## [RECORDS FOR THE EXERCISE]
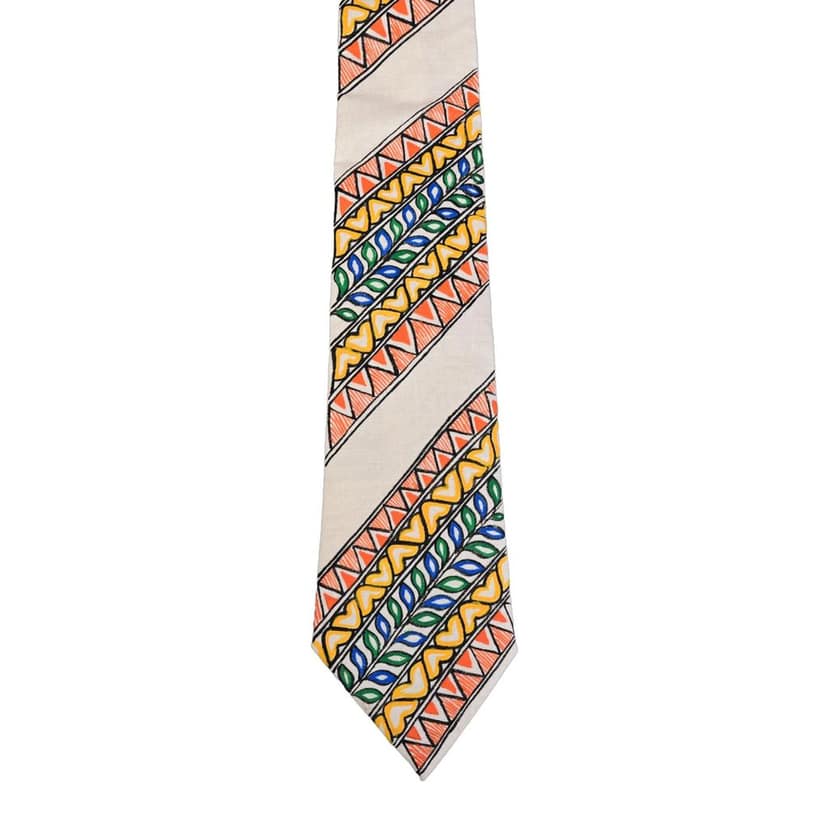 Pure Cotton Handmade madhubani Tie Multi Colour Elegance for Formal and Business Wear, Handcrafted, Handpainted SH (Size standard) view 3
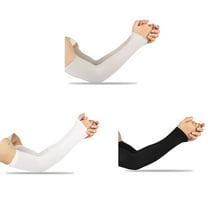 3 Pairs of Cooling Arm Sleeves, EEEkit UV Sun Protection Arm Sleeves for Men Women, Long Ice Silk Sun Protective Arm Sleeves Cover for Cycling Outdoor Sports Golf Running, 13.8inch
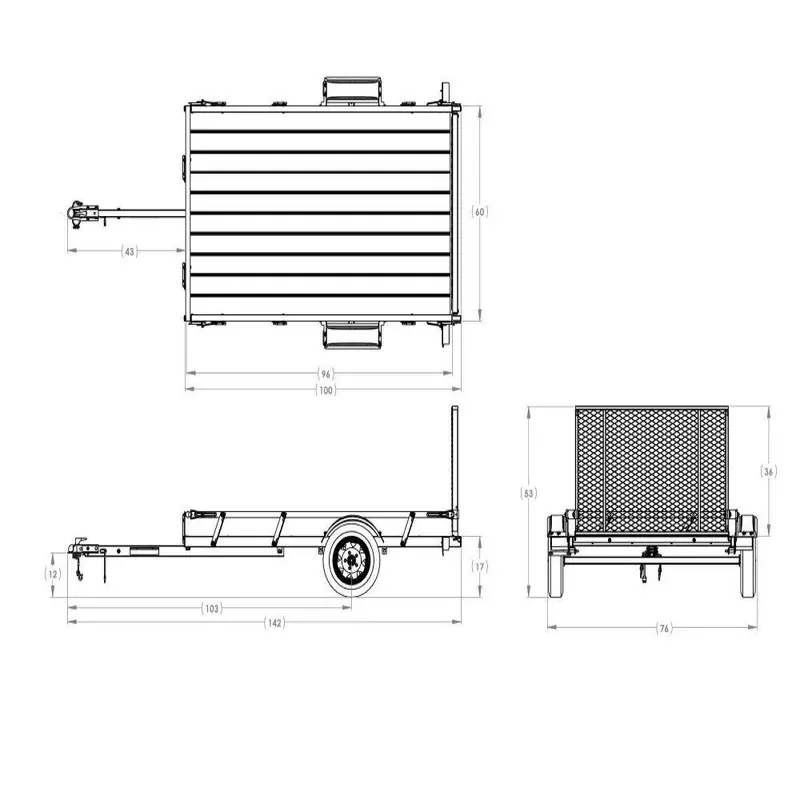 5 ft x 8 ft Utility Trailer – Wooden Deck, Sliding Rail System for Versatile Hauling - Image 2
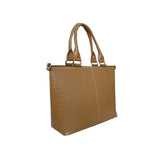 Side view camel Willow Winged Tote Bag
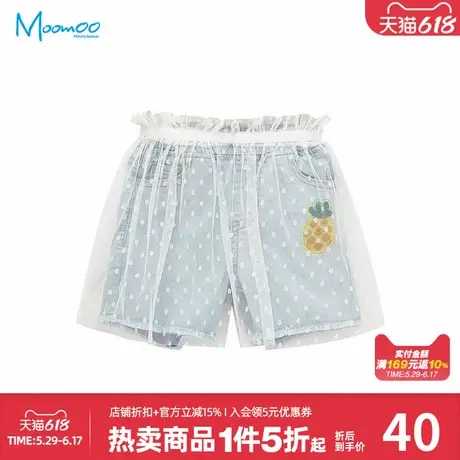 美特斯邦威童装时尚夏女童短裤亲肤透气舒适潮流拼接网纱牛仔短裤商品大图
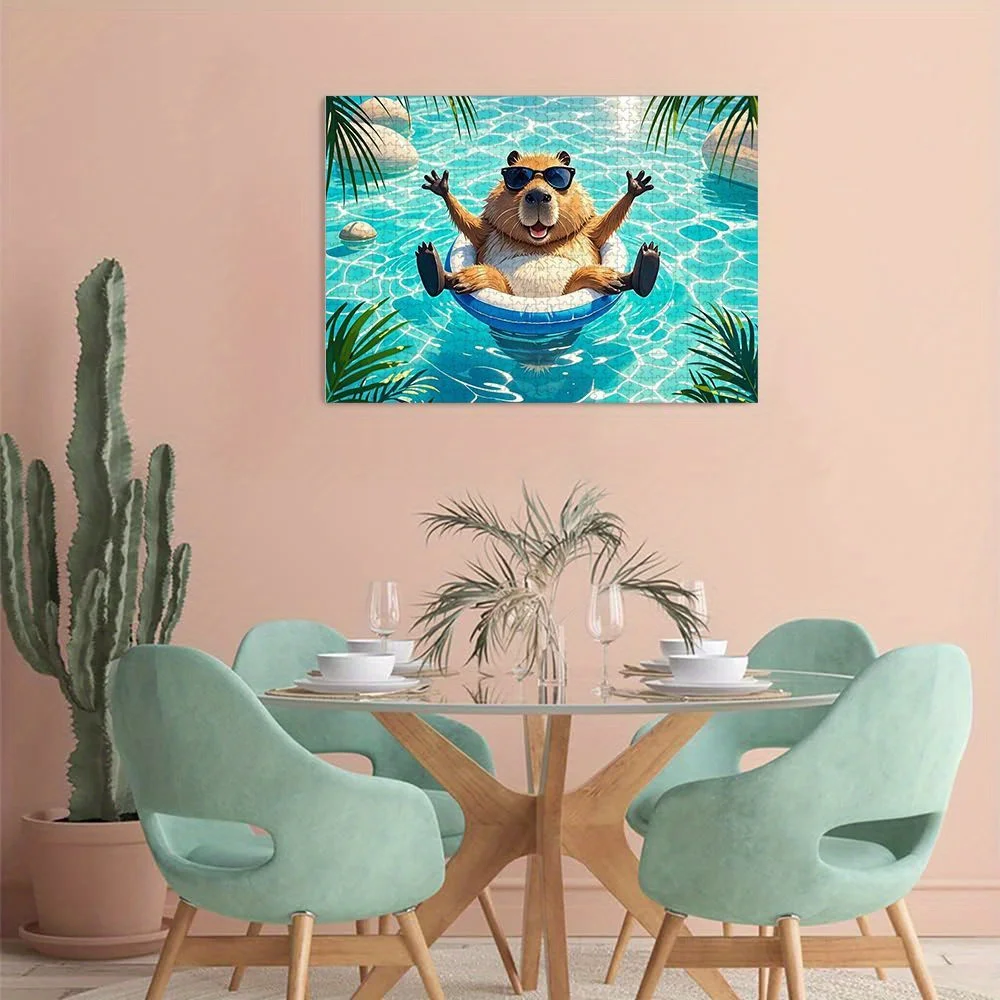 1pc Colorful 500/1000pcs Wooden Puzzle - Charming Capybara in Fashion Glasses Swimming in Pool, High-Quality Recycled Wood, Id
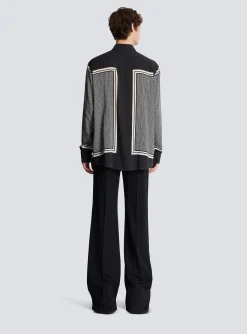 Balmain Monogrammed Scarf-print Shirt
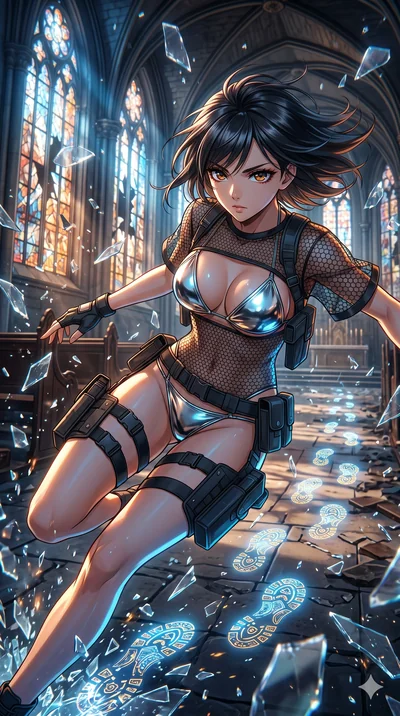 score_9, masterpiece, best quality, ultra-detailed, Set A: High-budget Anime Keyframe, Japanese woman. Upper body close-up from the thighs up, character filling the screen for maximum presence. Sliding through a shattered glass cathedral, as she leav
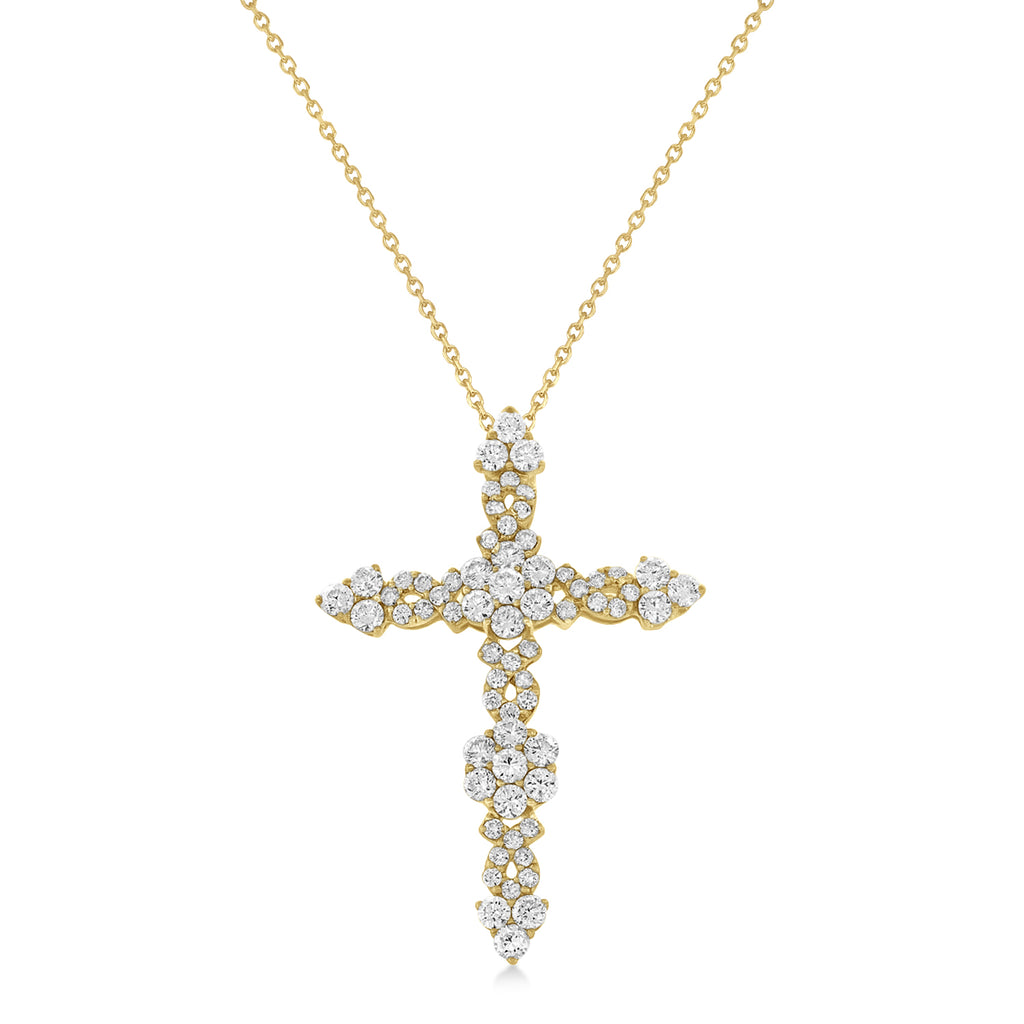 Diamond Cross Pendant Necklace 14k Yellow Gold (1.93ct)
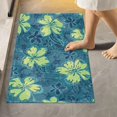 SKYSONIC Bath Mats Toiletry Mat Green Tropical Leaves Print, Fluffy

## [WHAT YOU SHOULD DO]
What is wanted is the listing, written out exactly, with each picture removed.

## [RESPONSE]
 Pure Cotton Handmade madhubani Tie Multi Colour Elegance for Formal and Business Wear, Handcrafted, Handpainted SH (Size standard) view 3
 3 Pairs of Cooling Arm Sleeves, EEEkit UV Sun Protection Arm Sleeves for Men Women, Long Ice Silk Sun Protective Arm Sleeves Cover for Cycling Outdoor Sports Golf Running, 13.8inch
 5 ft x 8 ft Utility Trailer – Wooden Deck, Sliding Rail System for Versatile Hauling - Image 2
 Side view camel Willow Winged Tote Bag
 美特斯邦威童装时尚夏女童短裤亲肤透气舒适潮流拼接网纱牛仔短裤商品大图
 1pc Colorful 500/1000pcs Wooden Puzzle - Charming Capybara in Fashion Glasses Swimming in Pool, High-Quality Recycled Wood, Id
 Balmain Monogrammed Scarf-print Shirt
 score_9, masterpiece, best quality, ultra-detailed, Set A: High-budget Anime Keyframe, Japanese woman. Upper body close-up from the thighs up, character filling the screen for maximum presence. Sliding through a shattered glass cathedral, as she leav
 Diamond Cross Pendant Necklace 14k Yellow Gold (1.93ct)
 SKYSONIC Bath Mats Toiletry Mat Green Tropical Leaves Print, Fluffy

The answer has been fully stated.